Everything from the line holding "Victorinox Swiss Army" to the last line of the material below must be retyped exactly, minus any pictures.

:: DATASET SECTION ::
----

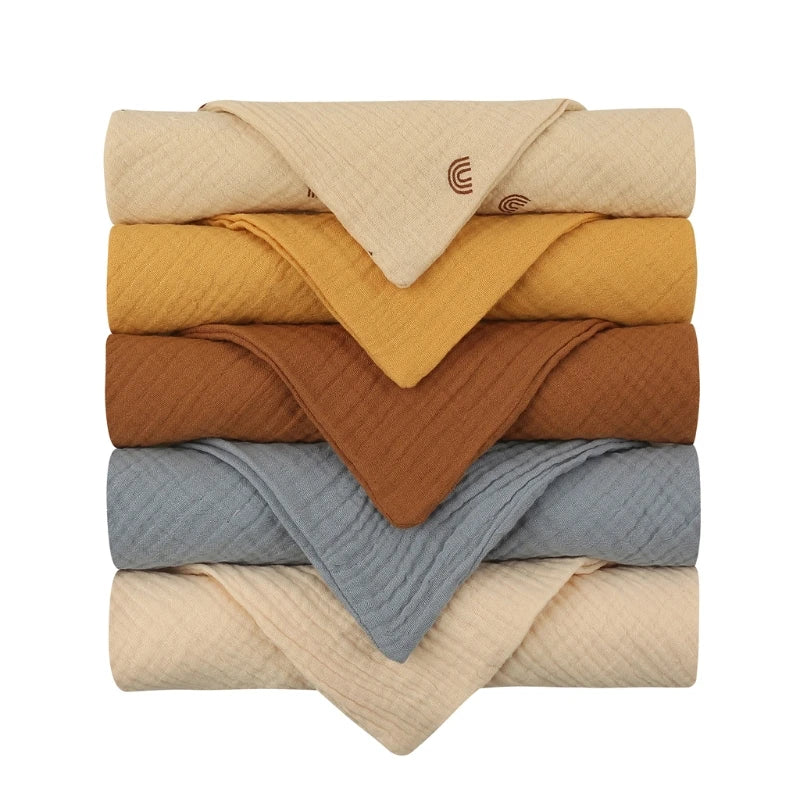 Conjunto de 5 peças de toalhas de rosto quadradas de algodão para bebé, lenços macios de gaze absorvente, toalhas de alimentação para bebé, panos de ombro e toalhas de rosto.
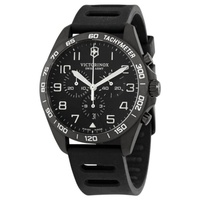 Victorinox Swiss Army MEN'S FieldForce Sport Chronograph Rubber Black Dial Watch 241926.1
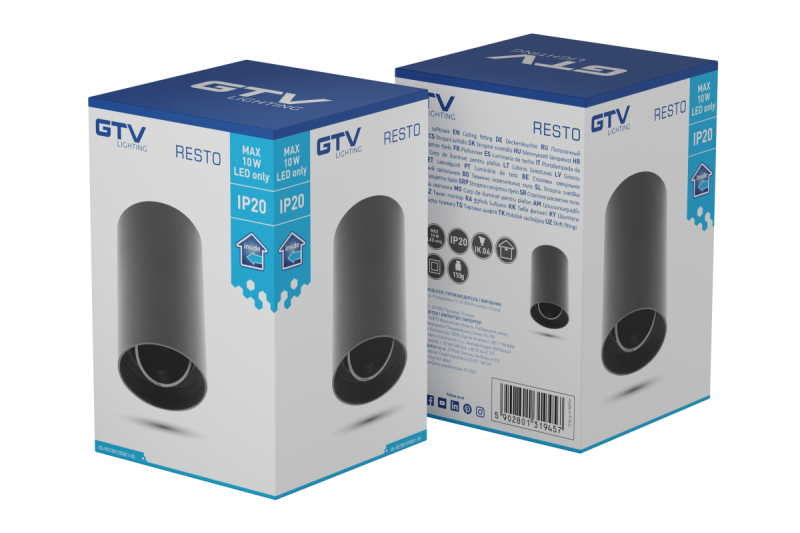 Decor Luminaire de plafond RESTO PC φ80x125mm IP20 max 20W rond noir. 1208963985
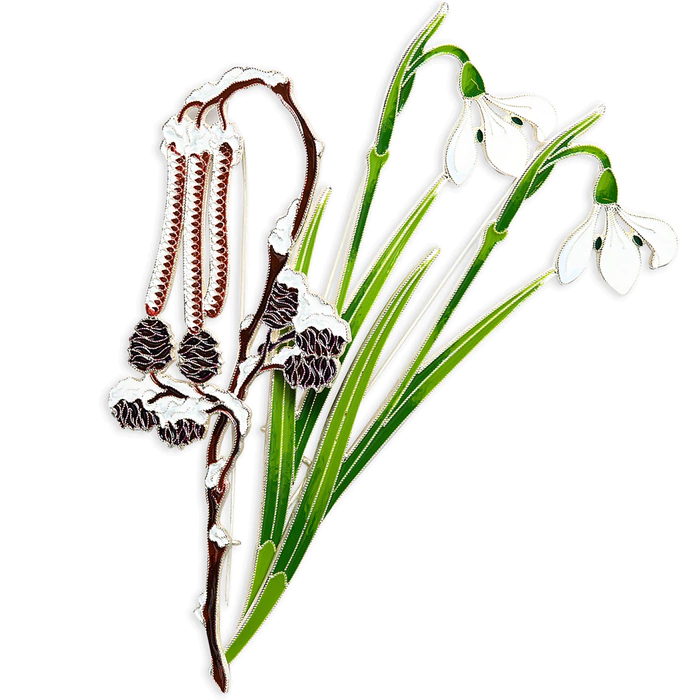 Silver brooch "Snowdrop" from the collection "Herbarium of Tatyana Polyakova"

----

:: ANSWER SECTION ::
 Victorinox Swiss Army MEN'S FieldForce Sport Chronograph Rubber Black Dial Watch 241926.1
 Decor Luminaire de plafond RESTO PC φ80x125mm IP20 max 20W rond noir. 1208963985
 Silver brooch "Snowdrop" from the collection "Herbarium of Tatyana Polyakova"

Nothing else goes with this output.